Just wondered who uses barbecues and if so which type they use, we have only ever used charcoal ones at home but find them messy when camping, so bought some instant packs but find these almost useless as we have never managed to cook anything properly on them.

Possibly going to go for a small table top gas barbecue next so will be looking round at the shows later this year.


----------



## Briarose

Hi this is something we haven't ever found the ideal answer to, don't like the disposable ones and a chef on TV the other day said they were the worst thing invented as they burn the outside whilst the inside isn't cooked properly YUK.

Table top ones a waste of time............sold one on the car boot last Sunday, Webber I think is the name I was recommended but then you don't get the charcoal taste :roll: also for the same reason I don't fancy a Cadac.


----------



## GerryD

Changed to small table top gas a couple of years ago when French campsites started to ban charcoal. 
Trouble is food just don't taste the same without charcoal.
Gerry


----------



## RichardnGill

We use a gas Cadac BBQ all the time. We did try the portable ones but as said they are rubbish and we wernt keen on smoking the campsite out. The Cadac is quick and easy.

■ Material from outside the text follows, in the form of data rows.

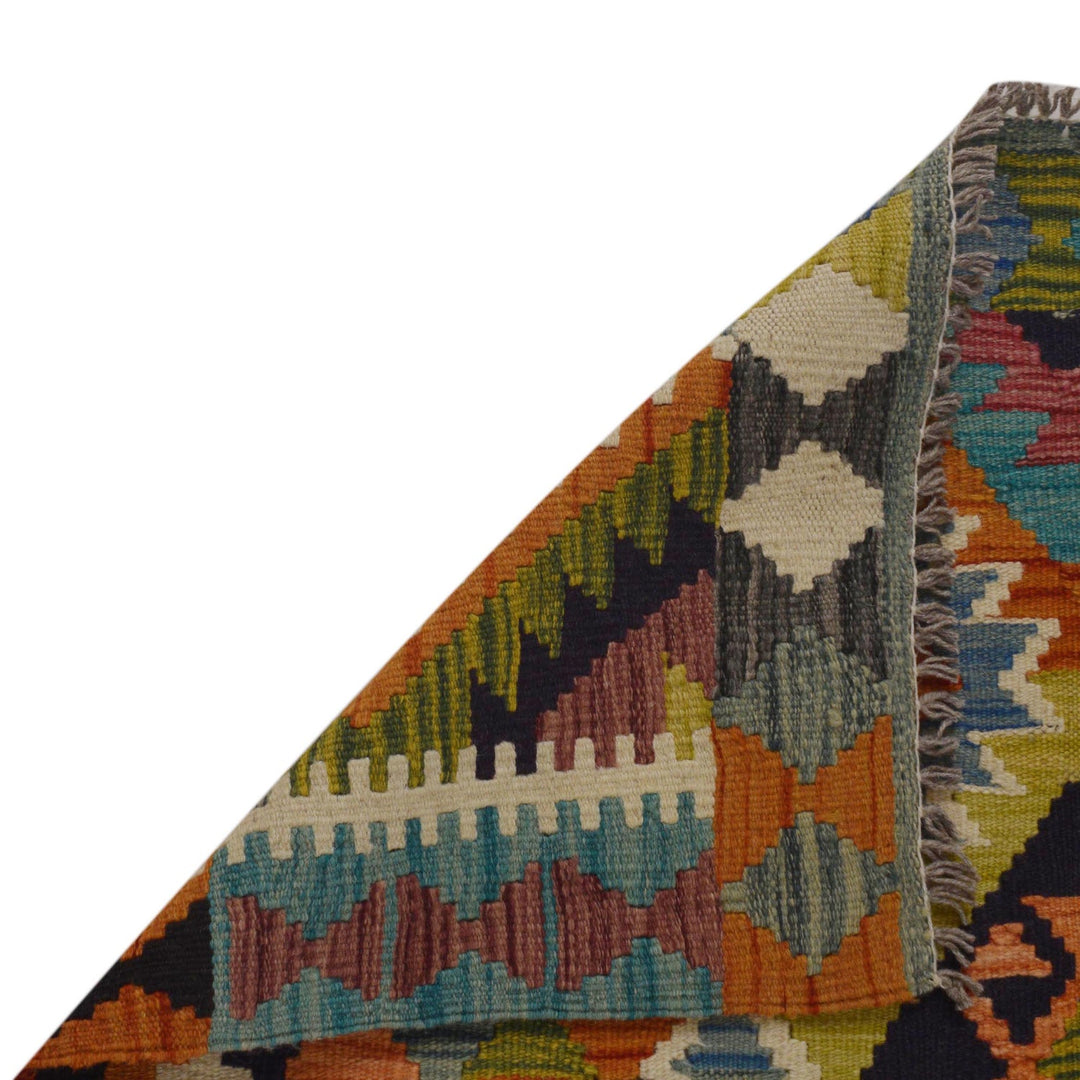 Handmade Vegetable Kilim 3' 3" x 5' 1" - No. AL65664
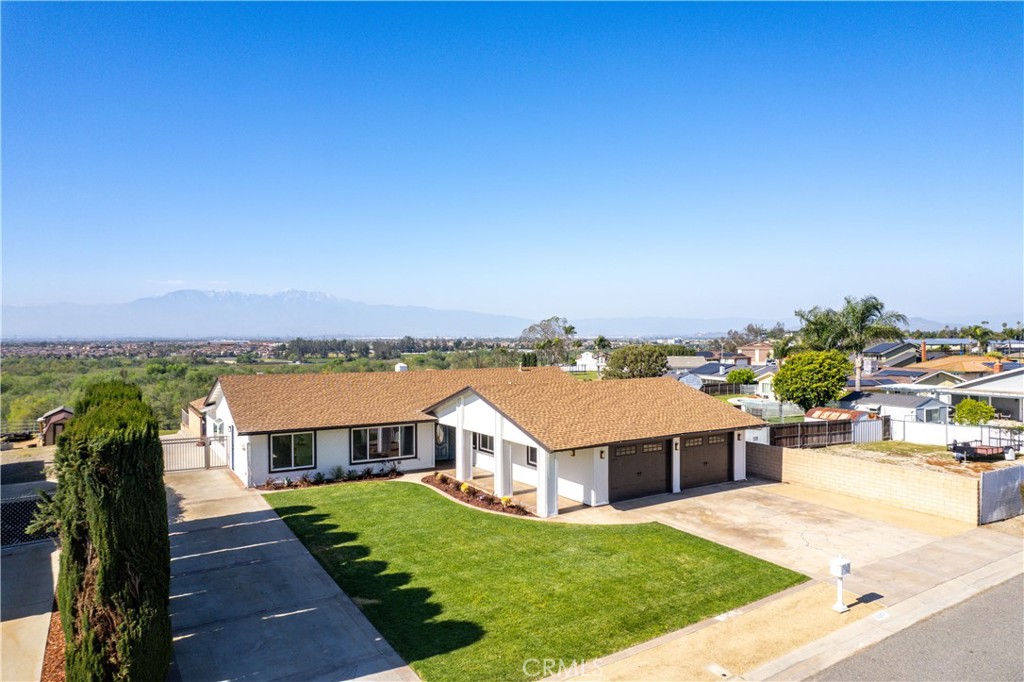 2257 Alhambra Street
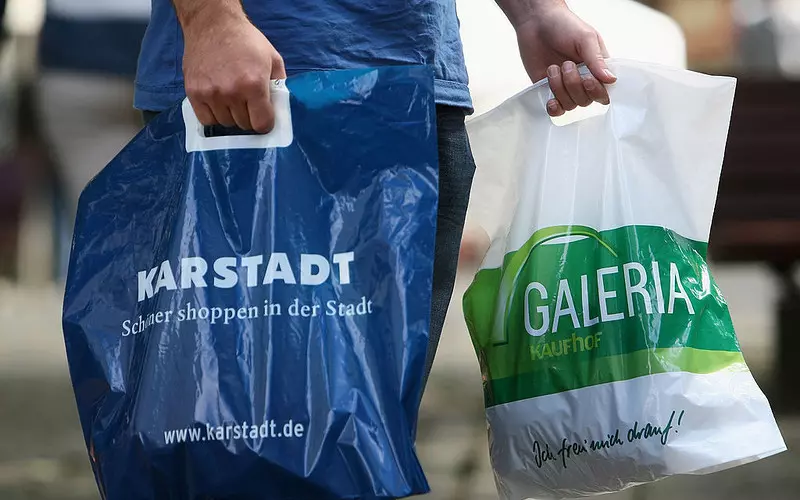 Niemcy: Bezdomny mężczyzna przyniósł pod sąd głowę zmarłego kolegi w reklamówce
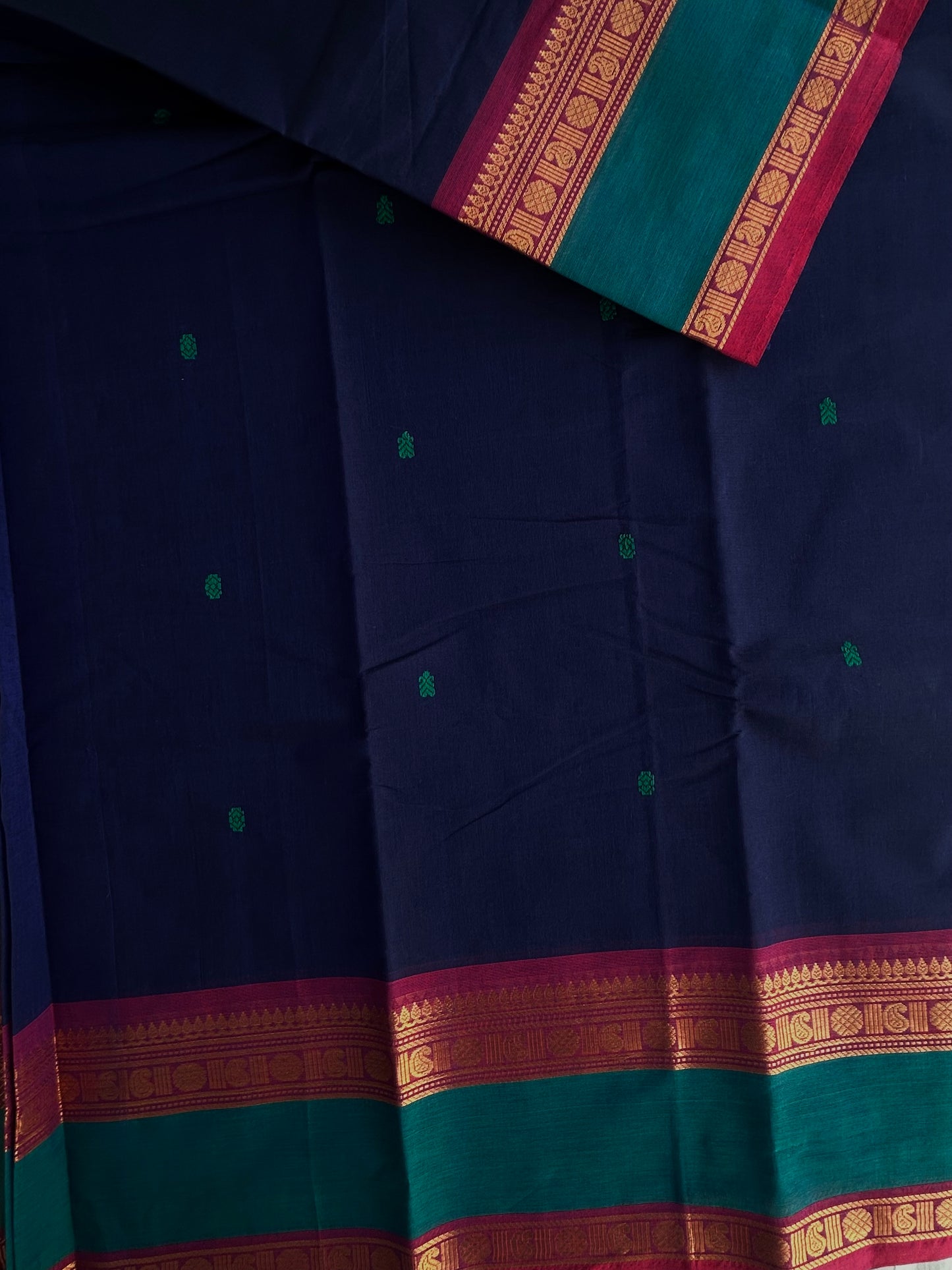 Kanchi cotton saree with butta weaves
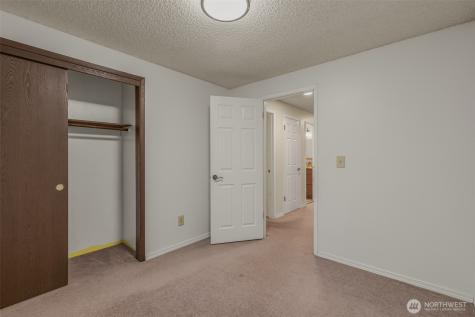 2207 Bremerton Avenue NE Renton WA 98059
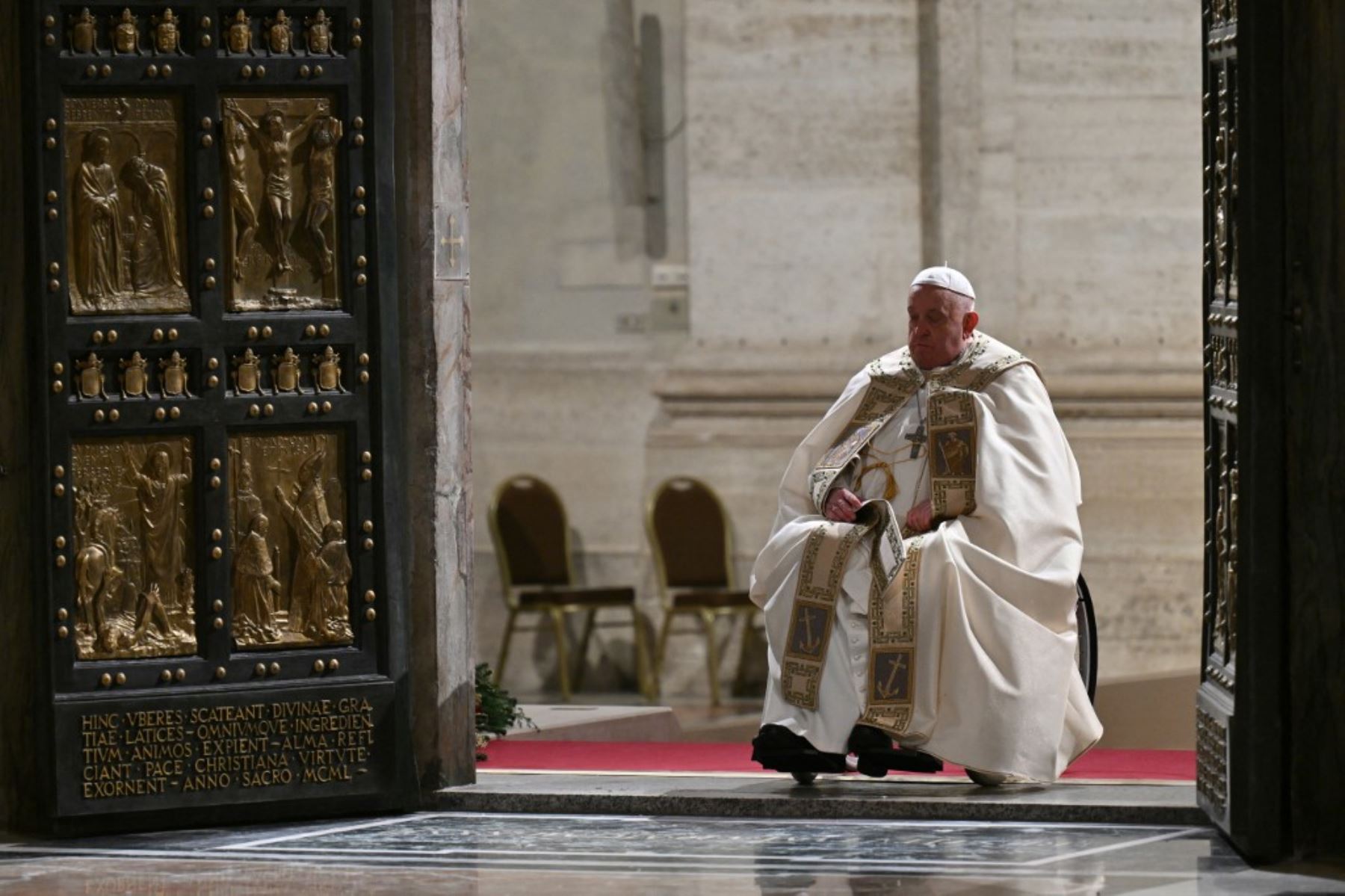 El papa Francisco abre la Puerta Santa de la Basílica de San Pedro en el Vaticano para marcar el inicio del Año Jubilar Católico, el 24 de diciembre de 2024. El papa Francisco celebra la Nochebuena con una ceremonia especial que inaugura el Jubileo 2025, un año de celebraciones católicas que atraerá a más de 30 millones de peregrinos a Roma. Foto: AFP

He is my best chef at work.

PS, notice my expensive table....


----------



## Rapide561

*BBQ*

I use a tabel top gas burner thing with a cast orin skillet on top. Yum yum. No mess, no fuss.

R


----------



## bobandjane

Janes just got me a small Cadac Safari Chef Gas Barbecue. I like a real one at home but they do make a mess. I think in the van these are ideal clean and simple. She only bought me one so I do all the cooking, still you can never cook without a beer in your hand, so it will all turn out OK in the end.Thanks. Bob.


----------



## EdsMH

I use the instant disposable ones whilst away in the van as I used to use them when going camping by motorcycle. Like Gerry says the food does not taste as good on gas.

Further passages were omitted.